Hey Gabe! Come over here... someone on earth has found a bug in your physics
program.

Dear me, I thought I'd fixed that centuries ago.

Oh well, better late than never.

'tappity, clickety, tappity'. 'make; make deploy'

There, that'll do it. Another aeon, another bugfix.

\--

<http://en.wikipedia.org/wiki/Cold_fusion>

------
spodek
I don't know if it qualifies as a joke, but I loved and learned from the Tao
of Programming -- <http://www.canonical.org/~kragen/tao-of-programming.html>.

Too long to paste here, but it's stood the test of time.

------
gnosis
A joke of the first order was told to a Scotchman, who was unable to see it.

The person (X) who told this joke told the story of how the joke was received
to another Scotchman, thereby making a joke about a joke of the first order,
and thus making a joke of the second order.

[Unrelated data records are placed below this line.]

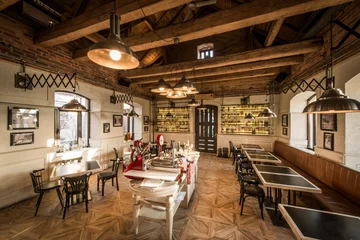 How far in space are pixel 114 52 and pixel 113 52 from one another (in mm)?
12

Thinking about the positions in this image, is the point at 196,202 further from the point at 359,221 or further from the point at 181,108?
the point at 181,108

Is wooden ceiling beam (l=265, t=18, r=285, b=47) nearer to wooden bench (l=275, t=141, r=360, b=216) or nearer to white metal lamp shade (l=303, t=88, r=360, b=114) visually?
white metal lamp shade (l=303, t=88, r=360, b=114)

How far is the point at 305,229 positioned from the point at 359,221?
0.71 m

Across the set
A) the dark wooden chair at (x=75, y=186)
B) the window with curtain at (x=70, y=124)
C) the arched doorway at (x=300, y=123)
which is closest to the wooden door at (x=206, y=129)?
the arched doorway at (x=300, y=123)

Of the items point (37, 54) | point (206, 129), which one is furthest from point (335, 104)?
point (206, 129)

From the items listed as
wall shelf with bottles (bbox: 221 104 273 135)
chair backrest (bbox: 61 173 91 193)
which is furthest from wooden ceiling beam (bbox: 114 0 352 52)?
wall shelf with bottles (bbox: 221 104 273 135)

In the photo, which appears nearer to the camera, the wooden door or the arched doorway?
the arched doorway

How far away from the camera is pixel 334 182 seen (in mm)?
3268

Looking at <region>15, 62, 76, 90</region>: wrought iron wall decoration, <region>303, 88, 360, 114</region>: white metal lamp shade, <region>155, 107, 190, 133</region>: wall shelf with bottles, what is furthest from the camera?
<region>155, 107, 190, 133</region>: wall shelf with bottles

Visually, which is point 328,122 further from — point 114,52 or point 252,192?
point 114,52

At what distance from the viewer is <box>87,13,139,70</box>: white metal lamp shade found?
147 cm

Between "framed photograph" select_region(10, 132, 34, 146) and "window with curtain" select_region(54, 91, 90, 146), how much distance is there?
0.82 meters

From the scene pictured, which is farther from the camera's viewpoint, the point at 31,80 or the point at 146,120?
the point at 146,120

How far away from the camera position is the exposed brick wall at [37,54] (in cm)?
334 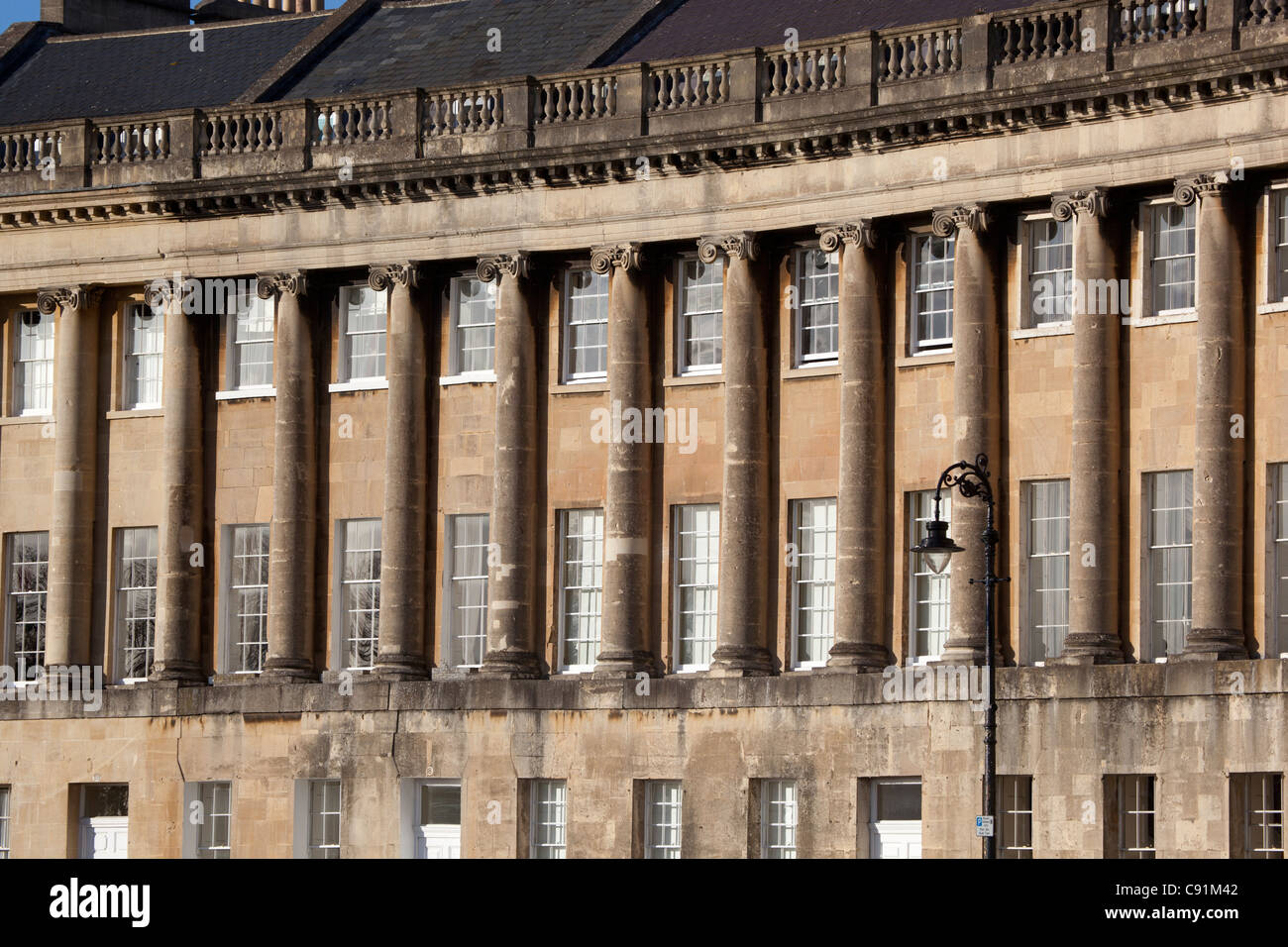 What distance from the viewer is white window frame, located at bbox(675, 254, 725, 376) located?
176 ft

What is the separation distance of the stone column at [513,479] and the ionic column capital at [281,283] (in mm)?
3471

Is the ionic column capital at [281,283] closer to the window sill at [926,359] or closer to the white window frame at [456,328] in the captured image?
the white window frame at [456,328]

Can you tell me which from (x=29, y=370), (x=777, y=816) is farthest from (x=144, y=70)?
(x=777, y=816)

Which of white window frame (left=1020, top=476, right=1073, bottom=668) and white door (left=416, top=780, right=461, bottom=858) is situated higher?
white window frame (left=1020, top=476, right=1073, bottom=668)

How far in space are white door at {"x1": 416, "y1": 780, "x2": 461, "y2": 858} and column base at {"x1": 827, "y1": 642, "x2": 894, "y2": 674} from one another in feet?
24.0

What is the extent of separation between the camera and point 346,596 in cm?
5684

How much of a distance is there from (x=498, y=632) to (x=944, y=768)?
874 cm

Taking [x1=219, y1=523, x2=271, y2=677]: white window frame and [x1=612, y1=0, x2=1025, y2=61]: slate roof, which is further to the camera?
[x1=219, y1=523, x2=271, y2=677]: white window frame

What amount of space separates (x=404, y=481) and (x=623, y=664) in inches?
214

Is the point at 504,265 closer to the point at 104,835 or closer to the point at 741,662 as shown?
the point at 741,662

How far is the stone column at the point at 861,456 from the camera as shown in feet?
167

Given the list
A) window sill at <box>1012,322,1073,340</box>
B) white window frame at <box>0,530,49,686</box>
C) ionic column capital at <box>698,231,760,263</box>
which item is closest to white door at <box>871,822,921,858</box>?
window sill at <box>1012,322,1073,340</box>

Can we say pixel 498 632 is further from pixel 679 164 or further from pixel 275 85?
pixel 275 85

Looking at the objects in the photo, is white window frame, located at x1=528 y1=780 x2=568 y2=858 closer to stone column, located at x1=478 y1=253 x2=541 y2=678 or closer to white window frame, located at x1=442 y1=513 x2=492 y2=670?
stone column, located at x1=478 y1=253 x2=541 y2=678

X remarked on this joke that no joke that no joke could penetrate the head of
the Scotchman to whom the joke of the first order was told, even if it were
fired into his head with a gun.

The Scotchman, after severe thought, replied: "But ye couldn't do that, ye
know!"

X repeated the whole story, which constituted a joke of the third order, to a
third Scotchman.

This last Scotchman again, after prolonged thought, replied; "He had ye
there!" This whole story is a joke of the fourth order.

(from _"The Philosophy of Mr. B-rtr-nd R-ss-ll"_ , by Philip Jourdain)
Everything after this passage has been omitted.